»»
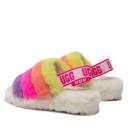 UGG Fluff Yeah Slide - Women Flip-Flops and Sandals - White - Size 5 - Foot Locker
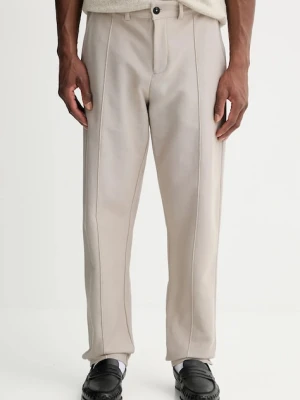 Marc O'Polo spodnie bawełniane męskie kolor beżowy proste 526301519002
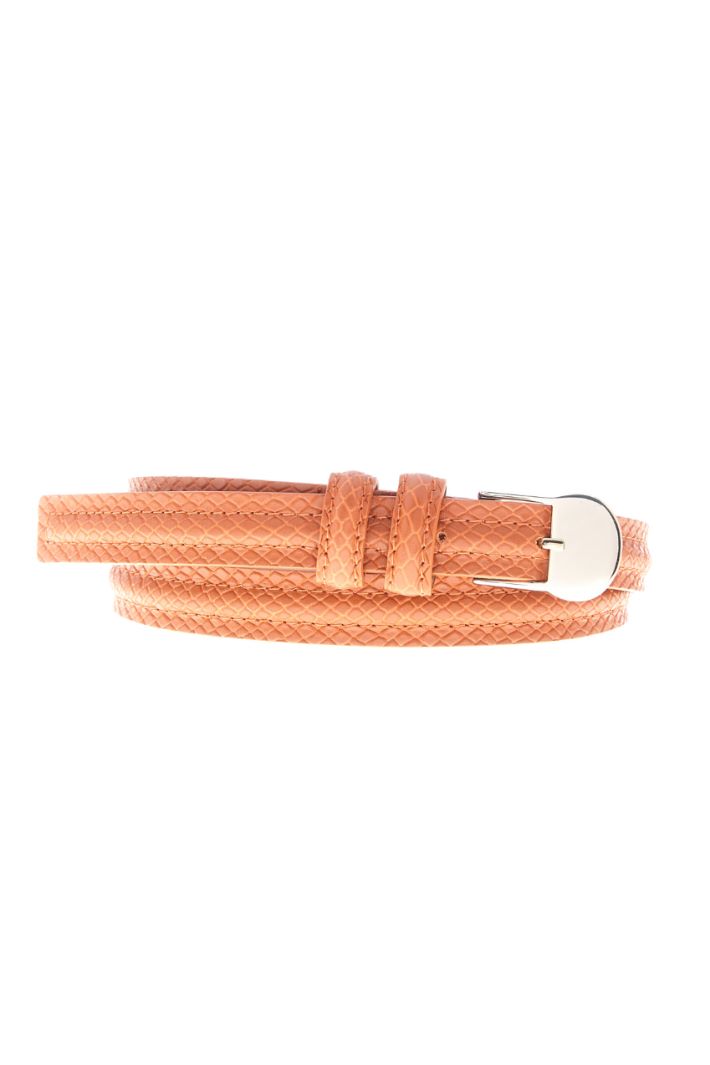 Cintura con stampa serpente - RUGGINE - Fashion Market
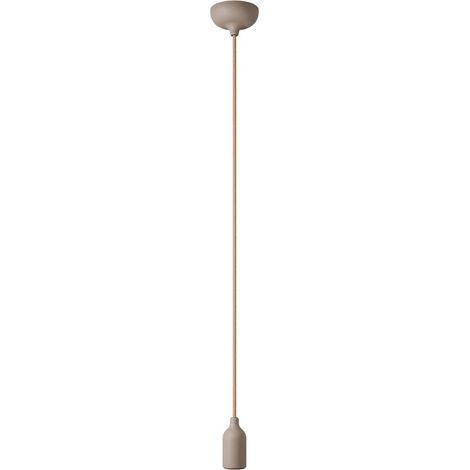 creative cables - Lampada a sospensione colorata in silicone con cavo tessile (1/3)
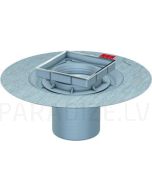 ACO EasyFlow top of  floor drain without a grid with a waterproofing flange for glass design h=34 – 110 mm
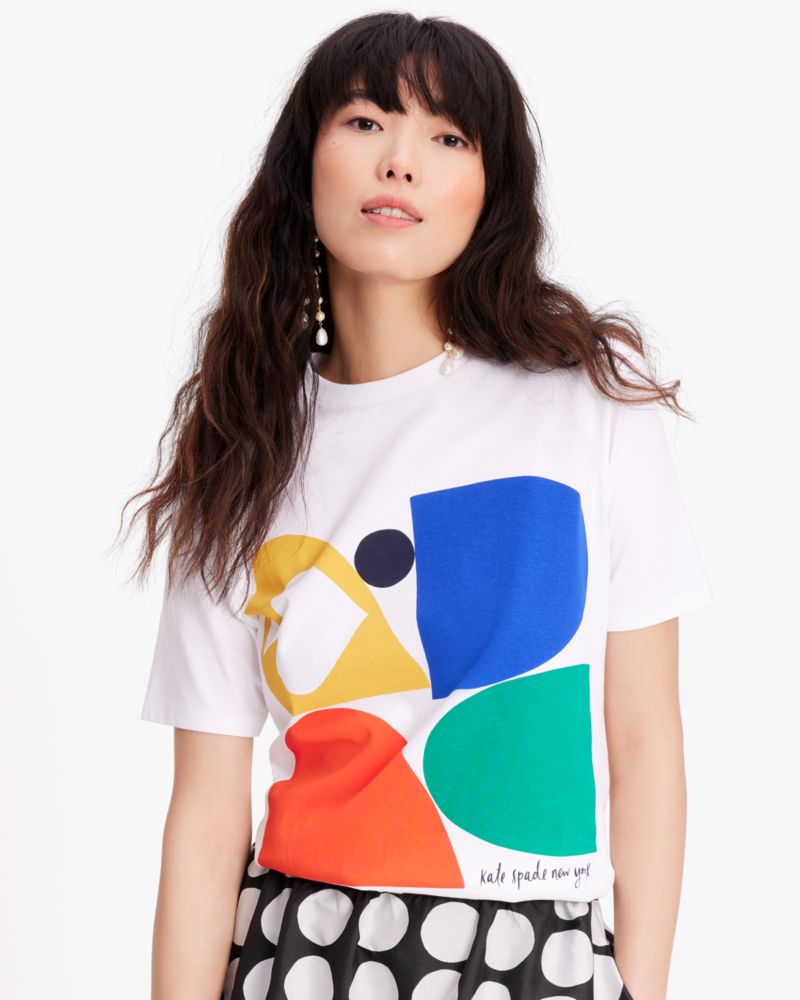 Ksny Geometric Tee | Kate Spade New York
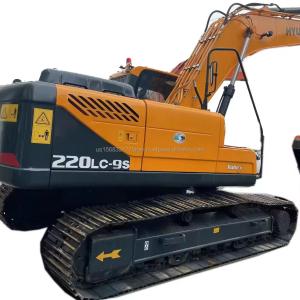 China Used Hyundai 220 Model Crawler Excavator from Korea 22 Ton Harga Excavator Hyundai factory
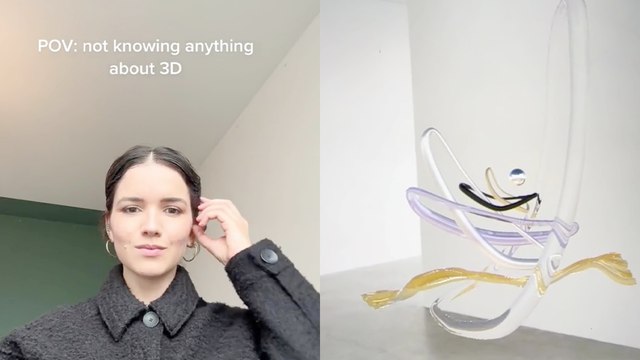 Self-taught 3D artist brings one of her first sculptures to life *MONTAGE*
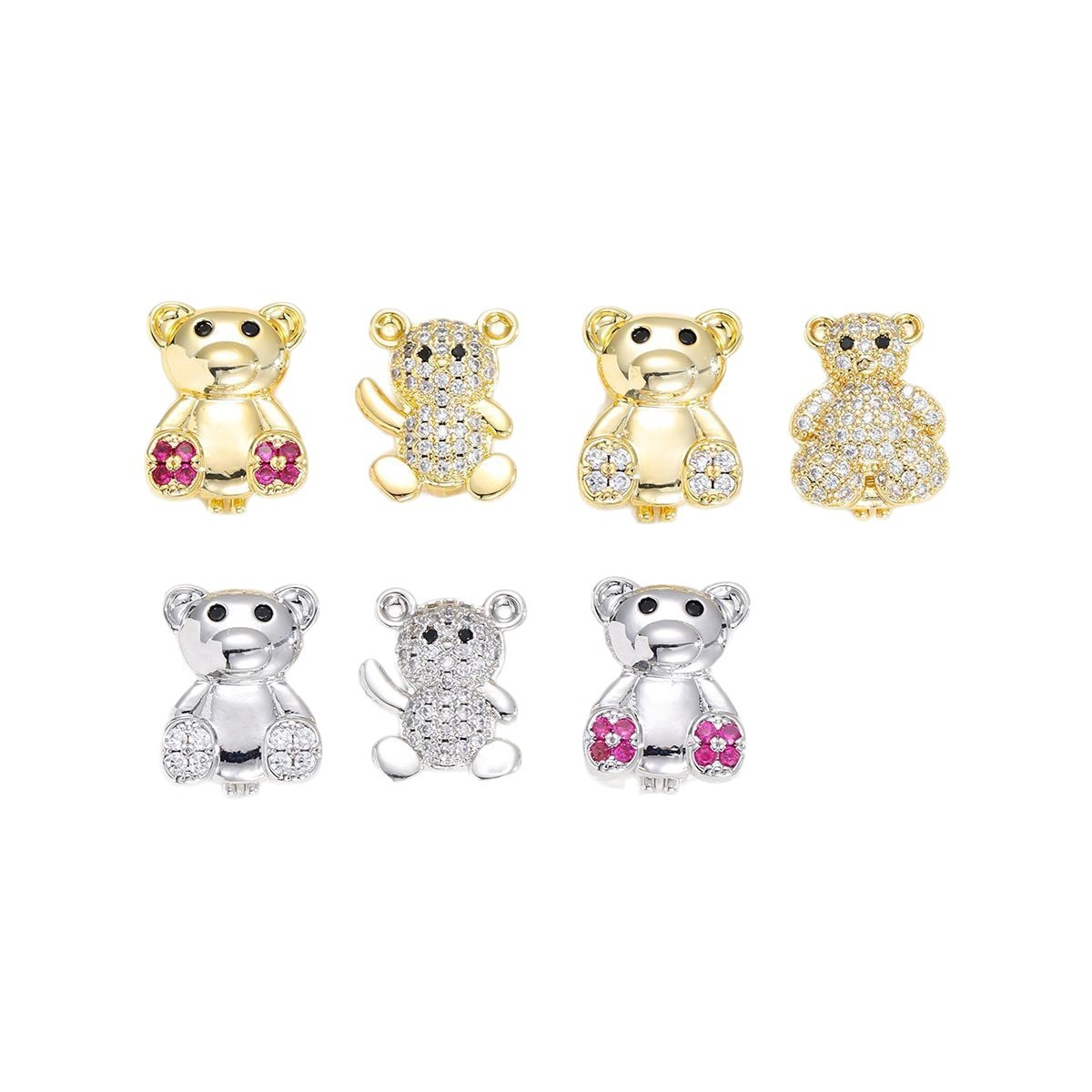 Hot Selling Stainless Steel 10mm Strap Bracelet Bear DIY Accessories Bracelet Creative Popular Bracelet 5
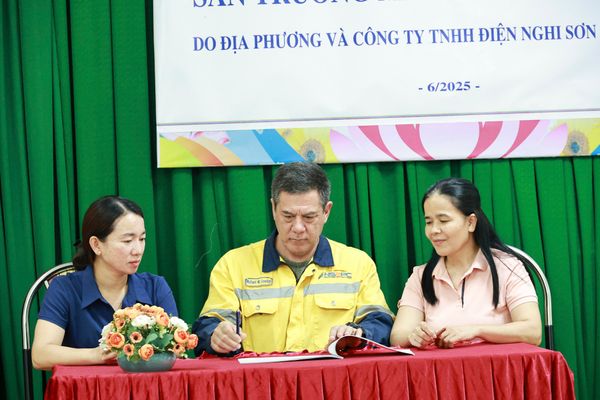 NS2PC: Bàn giao sân trường cho trường mầm non Hải Thượng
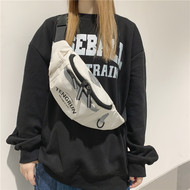 สะท้อนแสง Messenger กระเป๋า INS Tide แบรนด์กีฬารุ่นกระเป๋าสะพายไหล่ผ้าใบผู้หญิงกระเป๋าหน้าอกกระเป๋าเอว  Reflective crossbody bag ins fashion brand sports lightweight single shoulder backpack simple canvas breast Fanny pack Gray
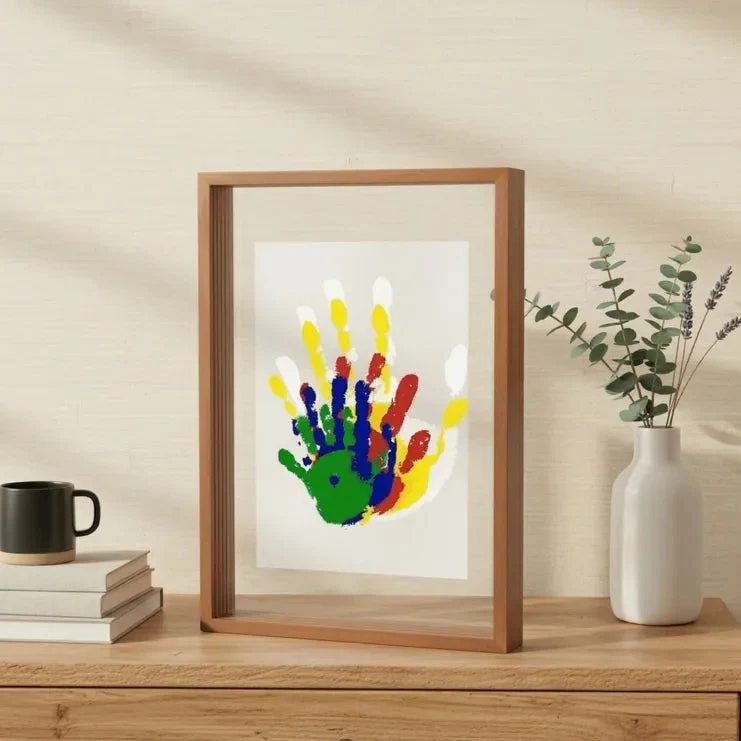 Cadre Empreintes de Mains Enfant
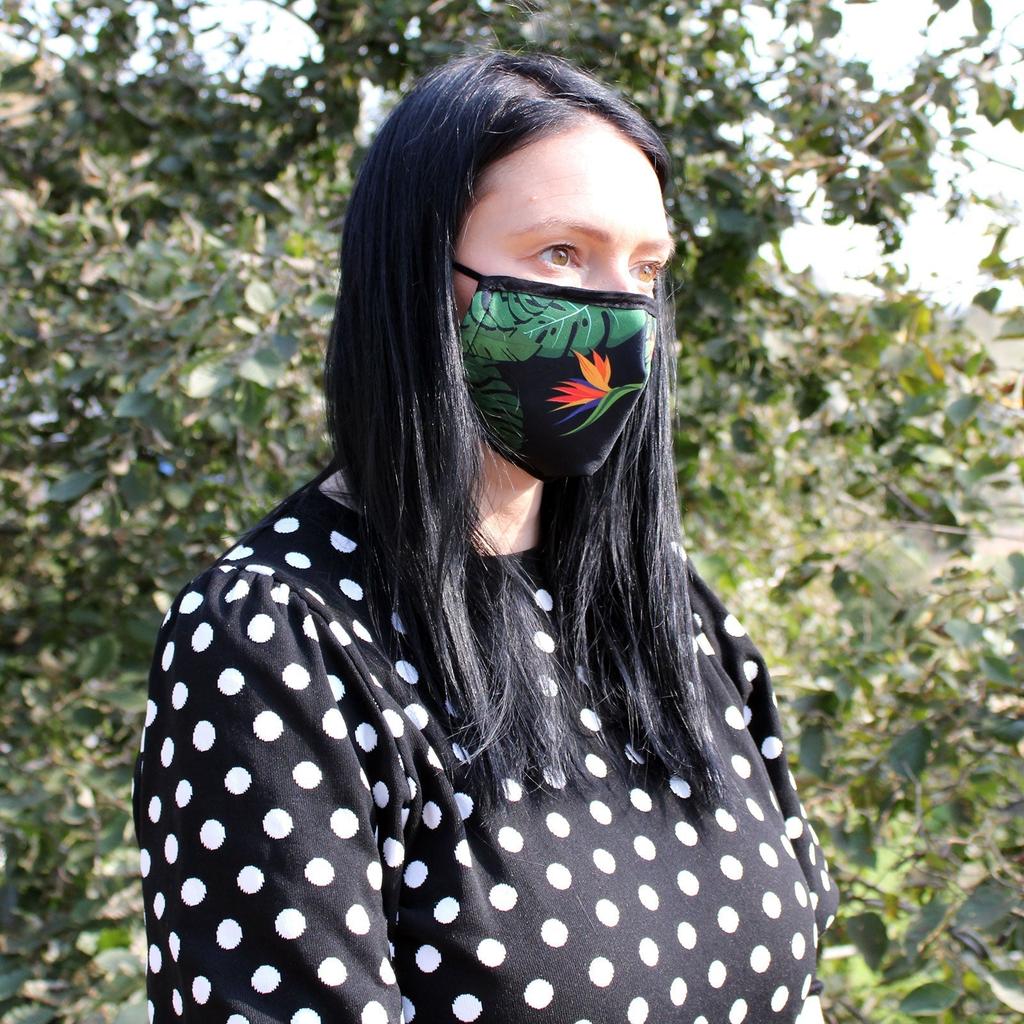 Cloth Face Mask - Adult Green Jungle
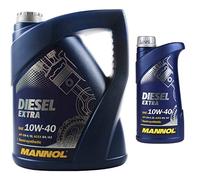 Olio motore originale MANNOL SAE 10W-40 DIESEL EXTRA Engine Oil, 6 litri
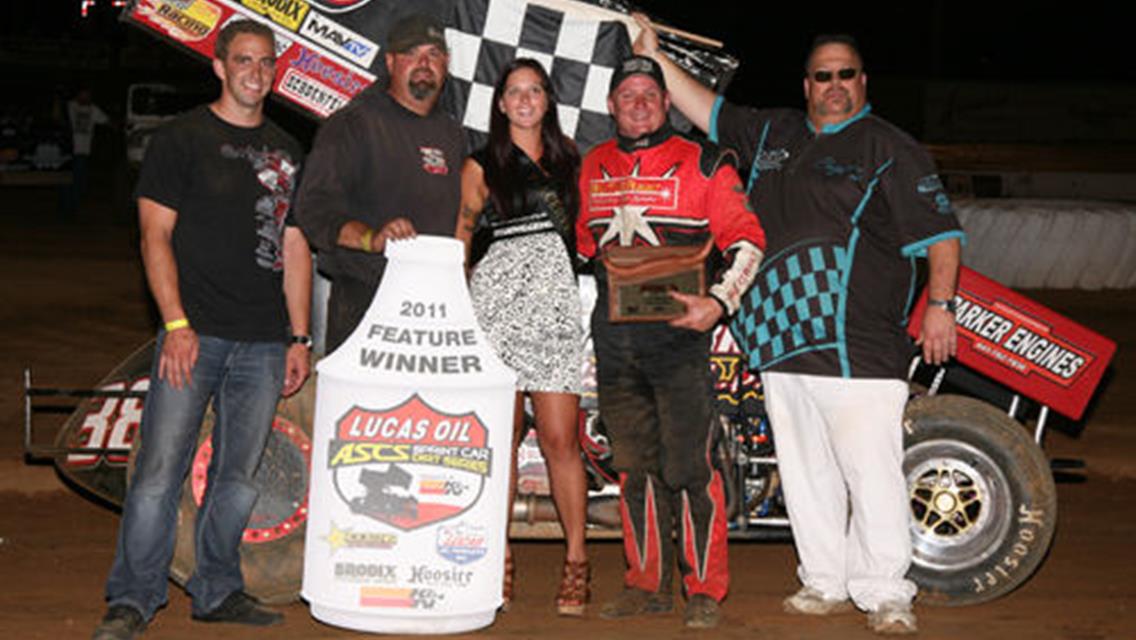 Wayne Johnson Completes Lucas Oil ASCS Weekend Sweep in Bullring Nationals!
««
Exact copy, no pictures: please print every record above as written.

 UGG Fluff Yeah Slide - Women Flip-Flops and Sandals - White - Size 5 - Foot Locker
 Marc O'Polo spodnie bawełniane męskie kolor beżowy proste 526301519002
 Cintura con stampa serpente - RUGGINE - Fashion Market
 creative cables - Lampada a sospensione colorata in silicone con cavo tessile (1/3)
 ACO EasyFlow top of  floor drain without a grid with a waterproofing flange for glass design h=34 – 110 mm
 Ksny Geometric Tee | Kate Spade New York
 China Used Hyundai 220 Model Crawler Excavator from Korea 22 Ton Harga Excavator Hyundai factory
 Self-taught 3D artist brings one of her first sculptures to life *MONTAGE*
 Hot Selling Stainless Steel 10mm Strap Bracelet Bear DIY Accessories Bracelet Creative Popular Bracelet 5
 NS2PC: Bàn giao sân trường cho trường mầm non Hải Thượng
 สะท้อนแสง Messenger กระเป๋า INS Tide แบรนด์กีฬารุ่นกระเป๋าสะพายไหล่ผ้าใบผู้หญิงกระเป๋าหน้าอกกระเป๋าเอว  Reflective crossbody bag ins fashion brand sports lightweight single shoulder backpack simple canvas breast Fanny pack Gray
 Cadre Empreintes de Mains Enfant
 Cloth Face Mask - Adult Green Jungle
 Olio motore originale MANNOL SAE 10W-40 DIESEL EXTRA Engine Oil, 6 litri
 Wayne Johnson Completes Lucas Oil ASCS Weekend Sweep in Bullring Nationals!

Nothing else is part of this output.